I have no resentment of women who choose to have children. I wish that they would not have resentment of me for choosing not to have children. Unfortunately the later has  happened and it’s not pretty. I should clarify here….it’s more resentment for their decision to have children and even for their children which is unfortunate and hideous. The comments have ranged from, “Well, I don’t have the luxury of doing that because I have kids”, to, “What’s wrong with you? Don’t you want one of these?” as they thrust their baby in my face. How do  I tell them that when I hold their baby I don’t feel a tick or a tock? And lastly, and this one’s my favorite,”Who is going to take care of your when you’re old?” Right, I am going to have a child so one day I can be a burden and know that someone is going to wipe my ass. And I’m selfish for being childless.

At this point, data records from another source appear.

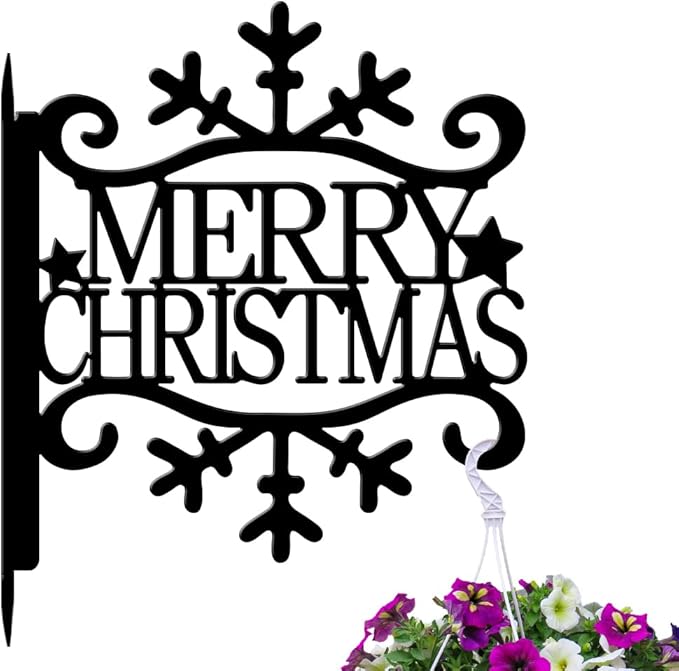 peacoblue Iron Plant Hangers Hooks for Outdoor Indoor Hanging Plants Flower Fern Pots Lantern Bird Feeder,11.5"x14.3" Weather Resistant Metal Wall Holder for Porch Garden Farmhouse(Merry Christmas)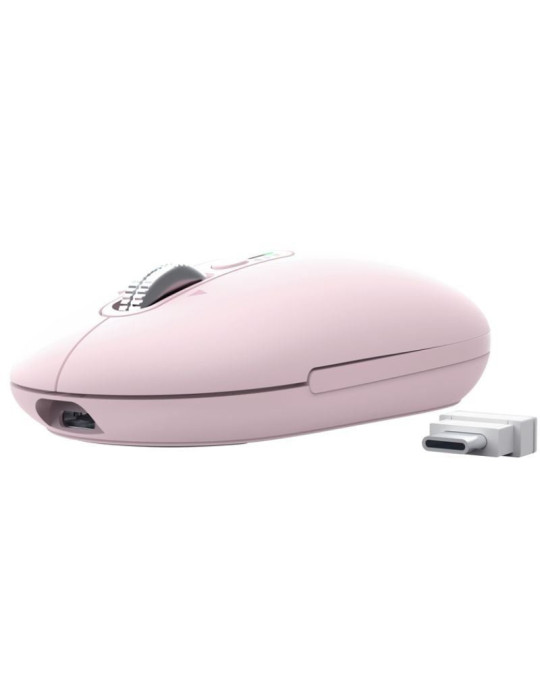 Ratón Inalámbrico Trust Seron 26206/ Batería recargable/ Hasta 3200 DPI/ Rosa
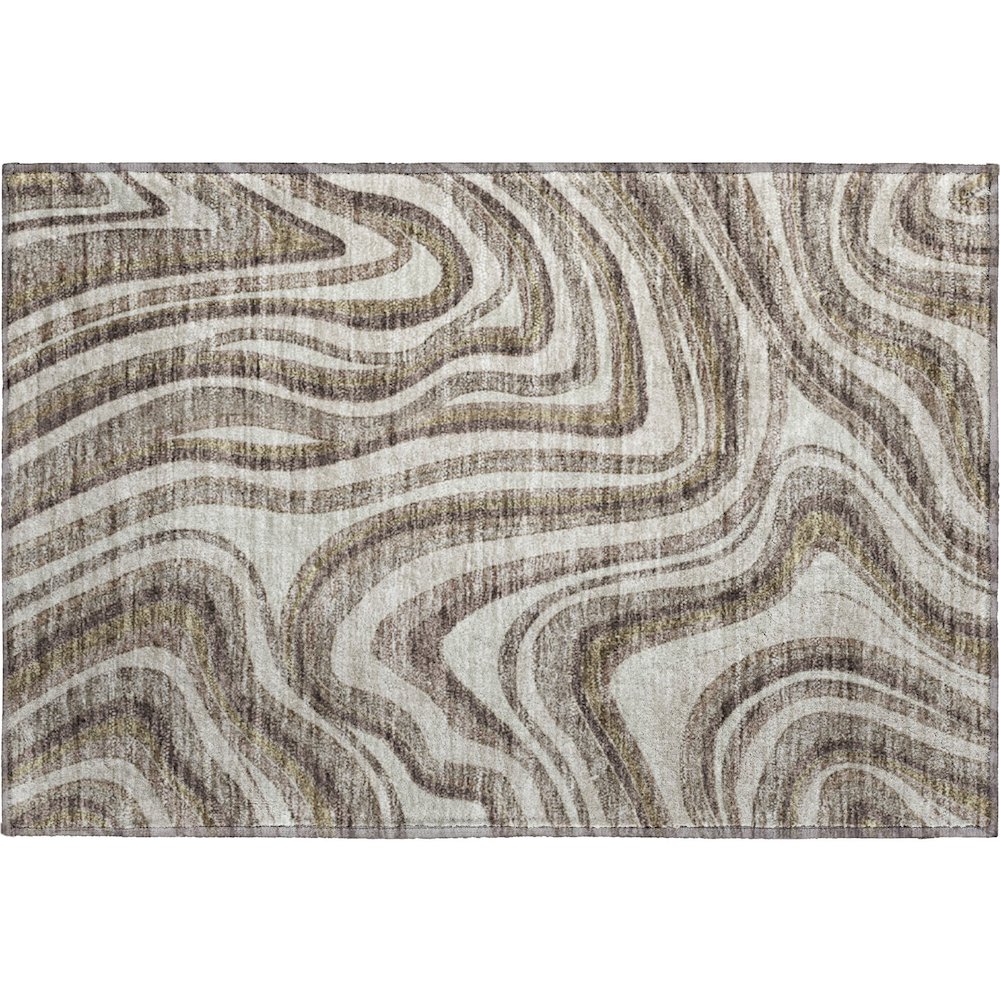 Premium Machine Washable Mayfield AMF756 Brown 1'8" x 2'6" Rug. Picture 1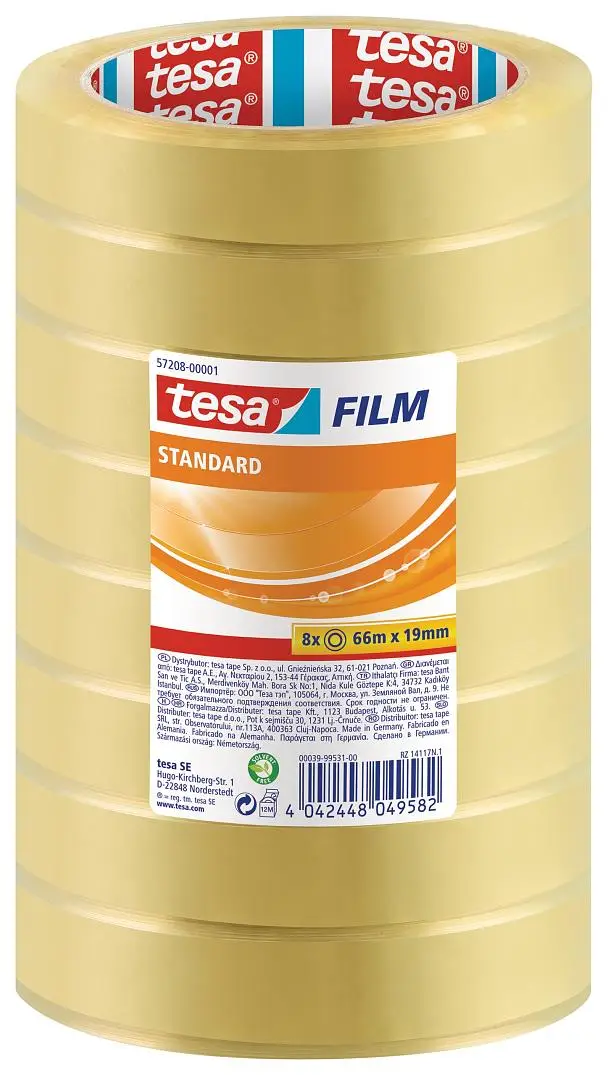 tesa Film standard, transparent, 19 mm x 66 m (EAN: 4042448049582)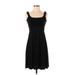 Donna Ricco Casual Dress - A-Line: Black Solid Dresses - Women's Size 4 Petite
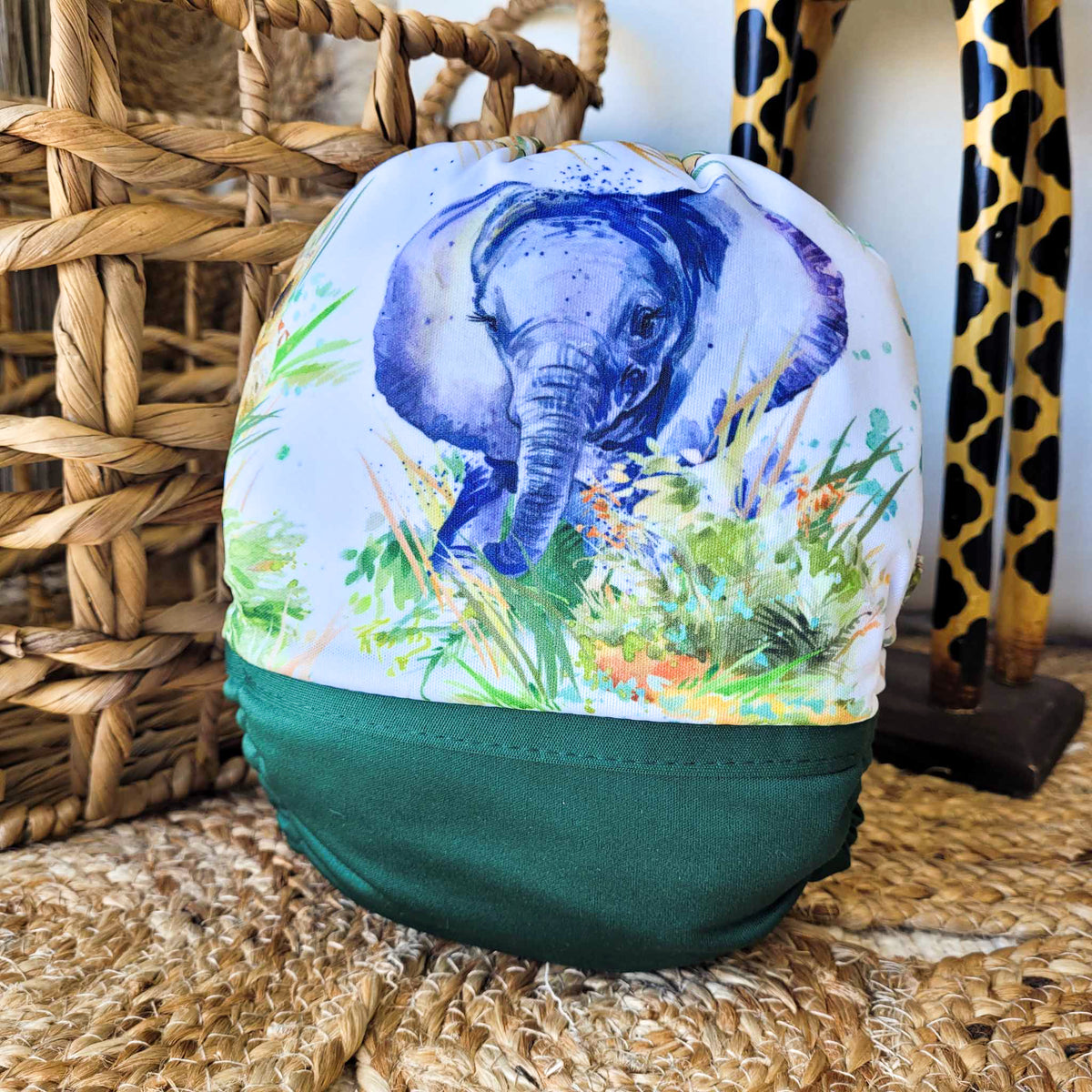 Couche lavable | taille NOUVEAU-NÉ | Savane - Éléphant (wrap)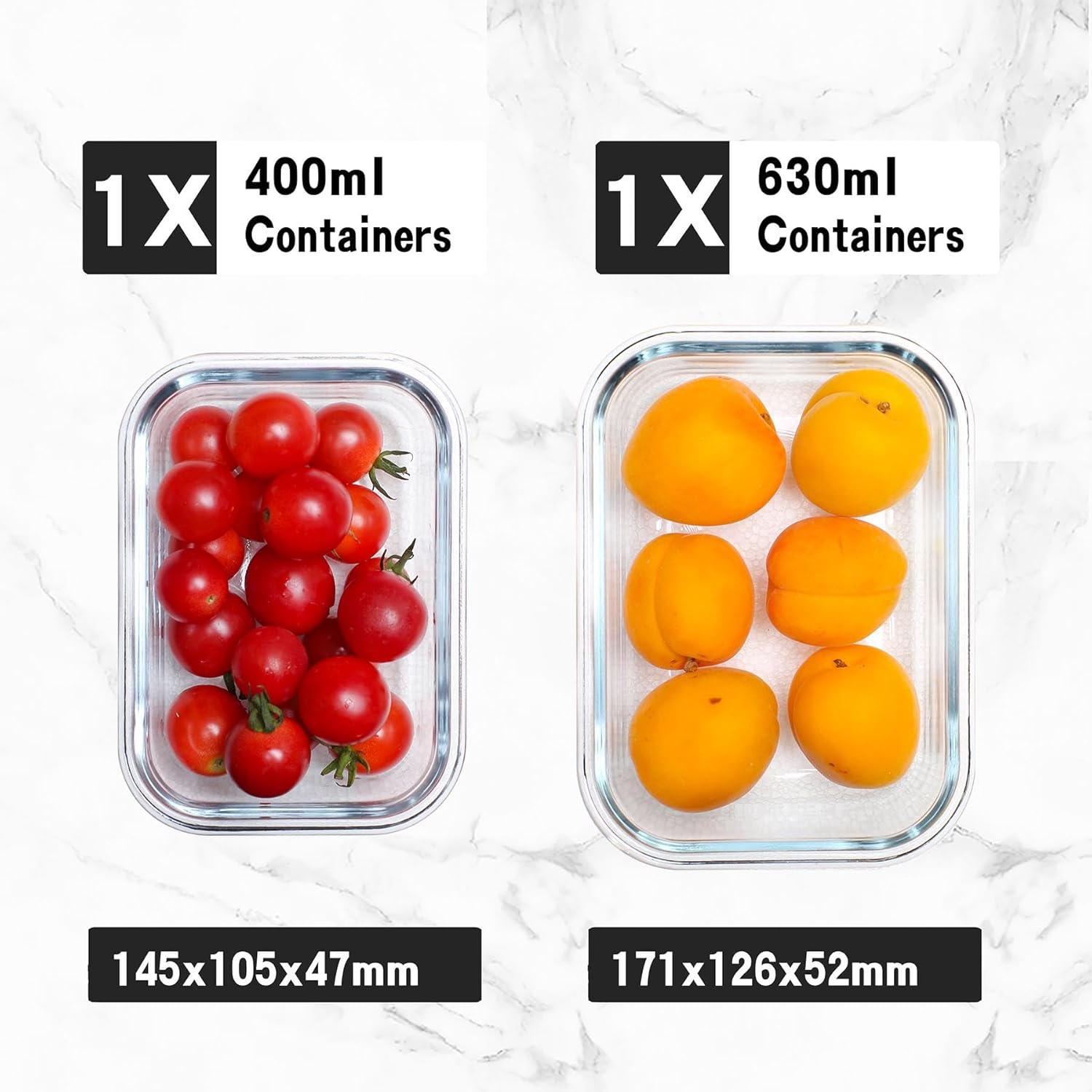 simpa 12PC Assorted Set of Airtight Leakproof Glass Food Containers with Smart Lock Lids for Meal Prep & Food Storage.-5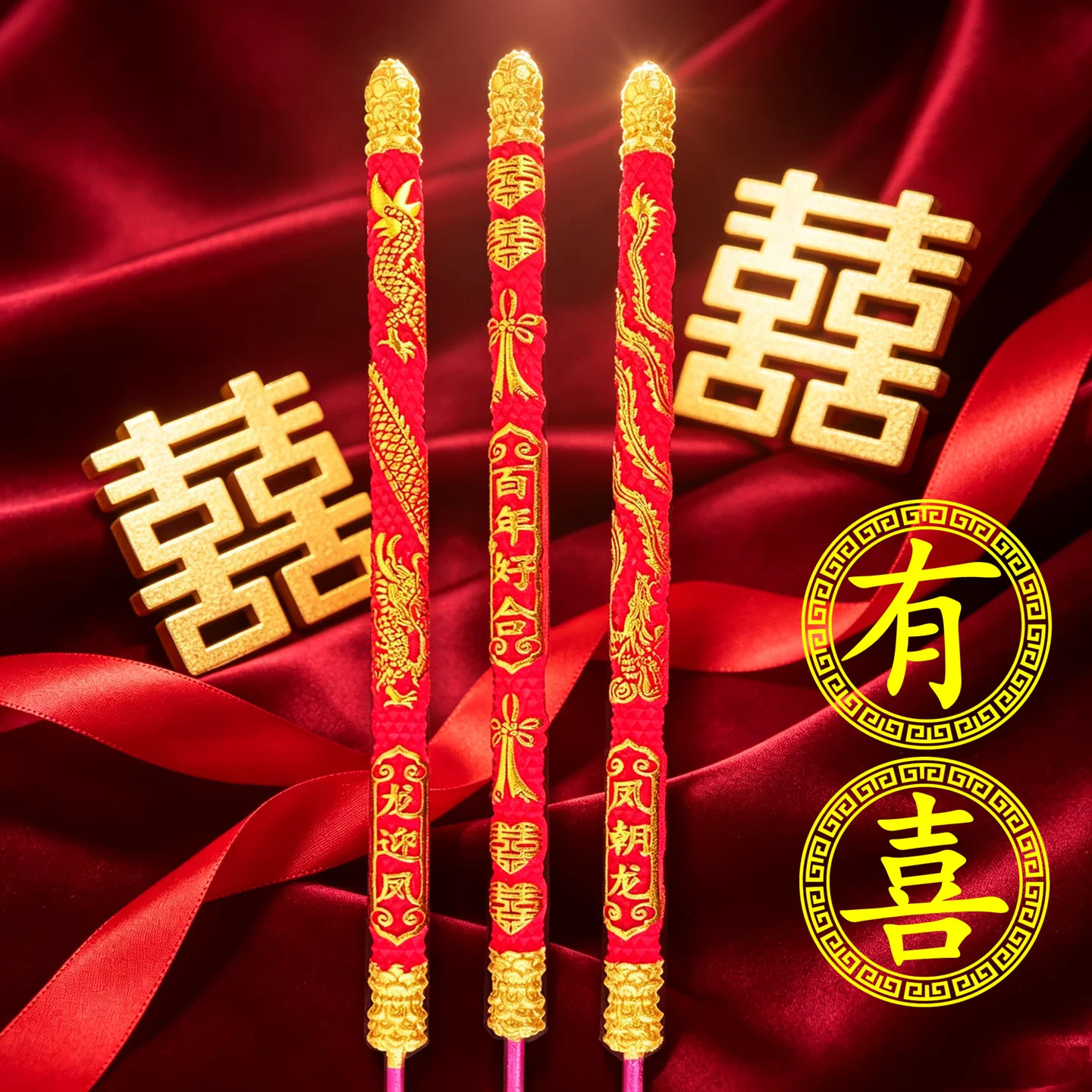 婚礼拜天地龙凤香烛喜事专用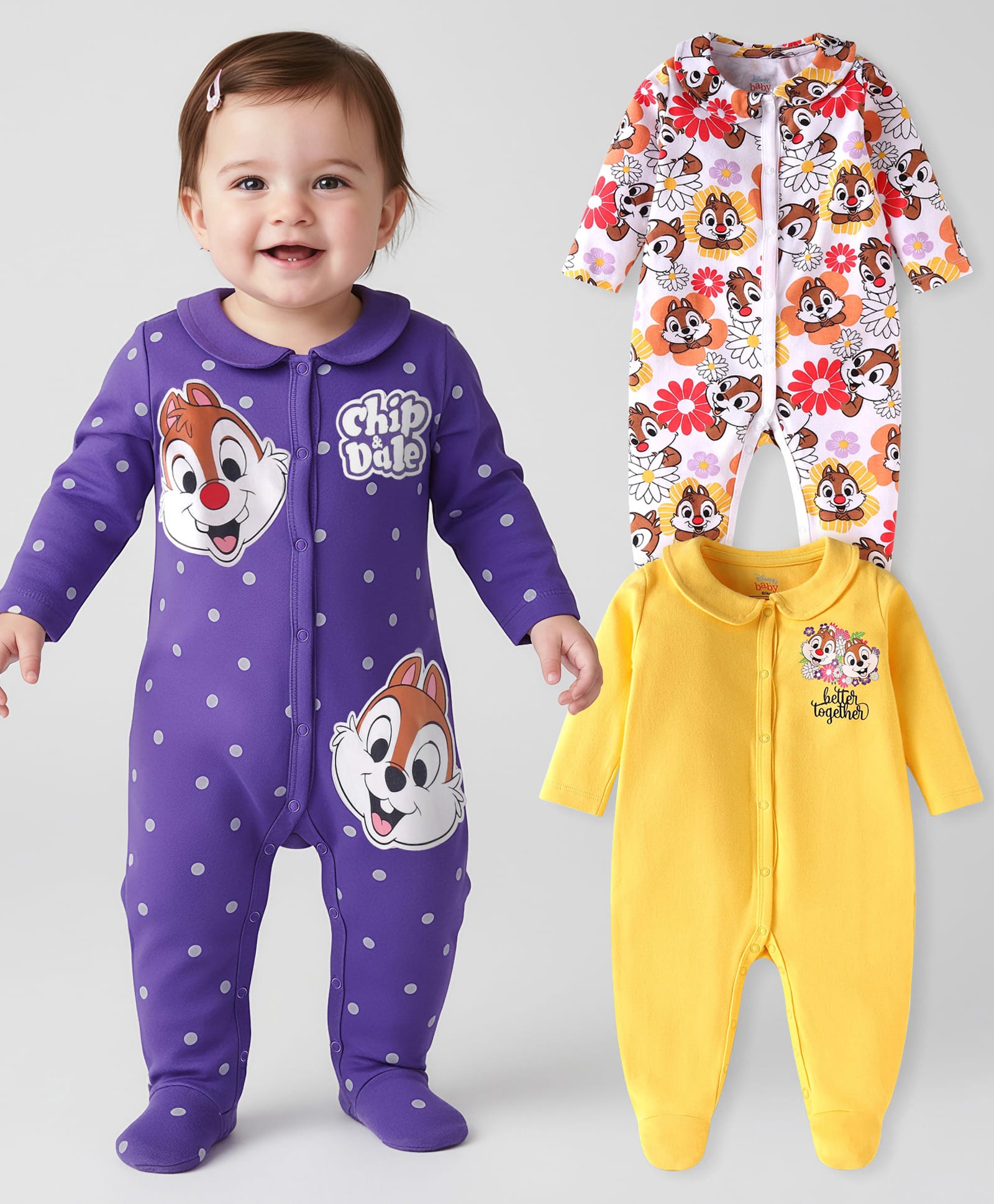 Babyhug Disney Interlock Knit Full Sleeves Footed Peter Pan Collared Night Suit with Chip & Dale Print Pack of 3 - Purple Yellow & White-picture-12
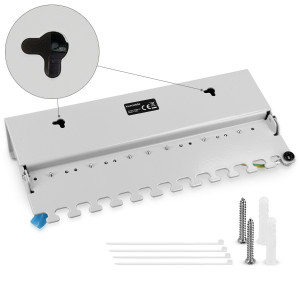 Patch Panel Cat6 cu 12 porturi RJ45 si montare pe perete, Kwmobile, Gri, Metal, 47695.02 - Img 4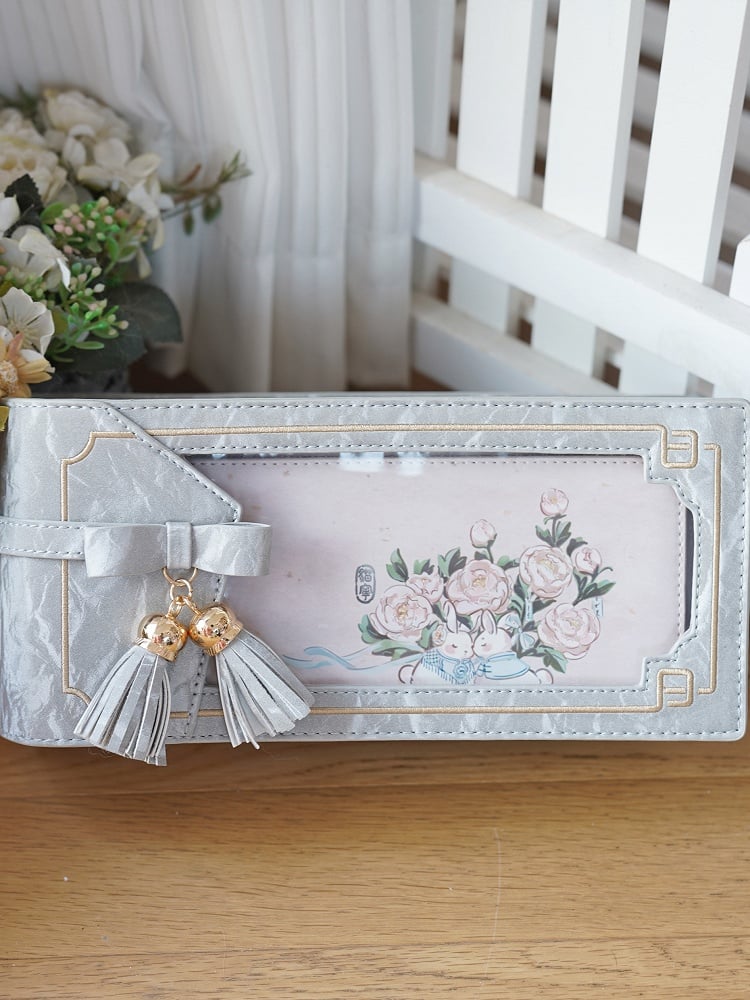 Silver PU Floral Pattern Cheongsam Style Ita Bag With Bow & Fringe Accent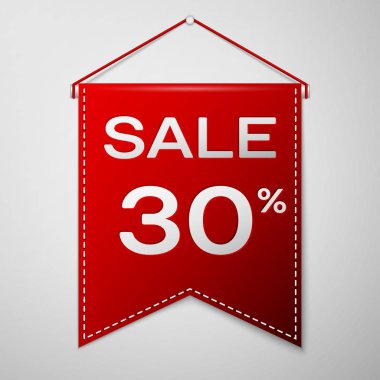Yazıt Satılık otuz yüzde ile kırmızı bayrağı gri bir arka plan üzerinde indirim. Satılık konsept mağazalar için mağaza Pazar, web ve diğer ticaret. Vektör çizim.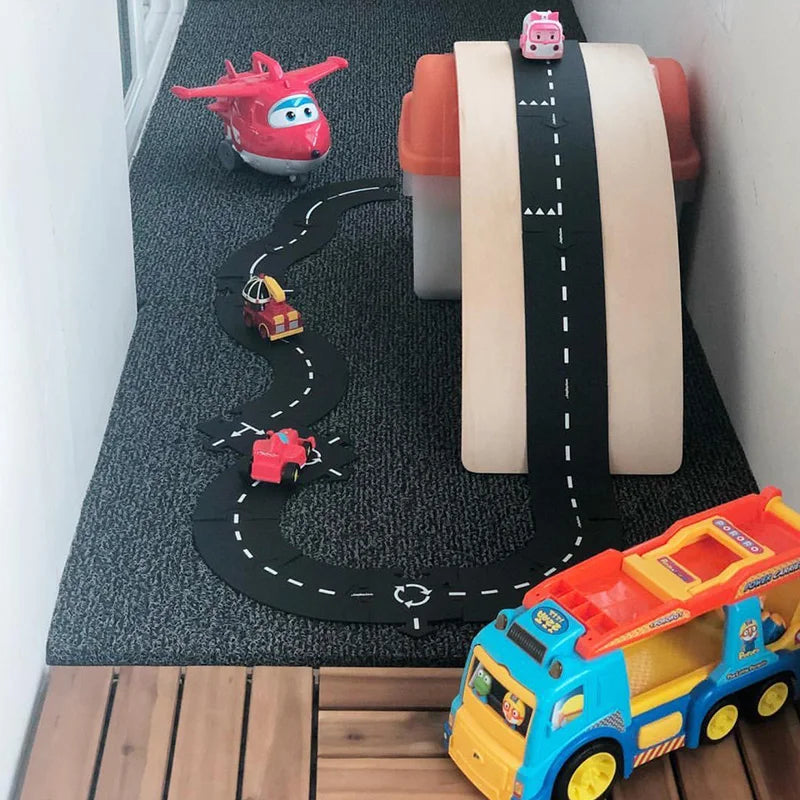 Build and Play: Kids DIY Traffic Roadway Track Puzzle - Educational PVC Set for Road Building, Removable Cars, and Hours of Motorway Fun. Perfect Gift for Boys! - AGTC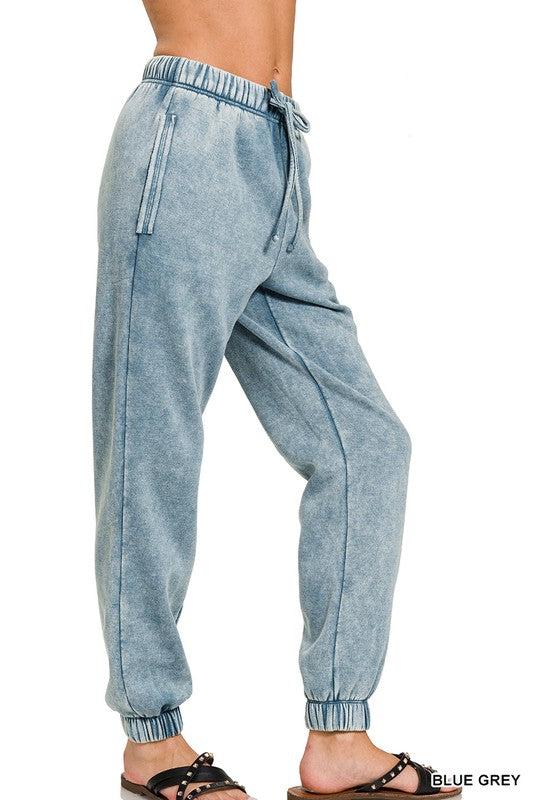 Zenana Acid Wash Fleece Sweatpants with Pockets-ZENANA-BLUE GREY-S-[option4]-[option5]-[option6]-[option7]-[option8]-Shop-Boutique-Clothing-for-Women-Online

Throughout humankind we have crafted this image of motherhood, more like the myth of motherhood as this beautiful, transcendental experience for women. It’s all storks, organic cotton onesies Sophie the Giraffe, plush bunnies, shooting stars and a linen duvet cover with silk ribbons in Heirloom white. This vision or hallucination is compounded by celebrity motherhood. They make it look easy because they can afford the things to make it easier like nannies, personal trainers, personal assistants, cooks, housekeepers, etc, etc. They don’t have to take the baby out of the car seat six thousand times a day. They don’t have to take the baby out of the car seat at all since they can afford to hire someone to do all of their errands. They are not sleep deprived, they have someone to get up 11:00pm. 2:00am, 2:47am, 3:56am and on and on and on.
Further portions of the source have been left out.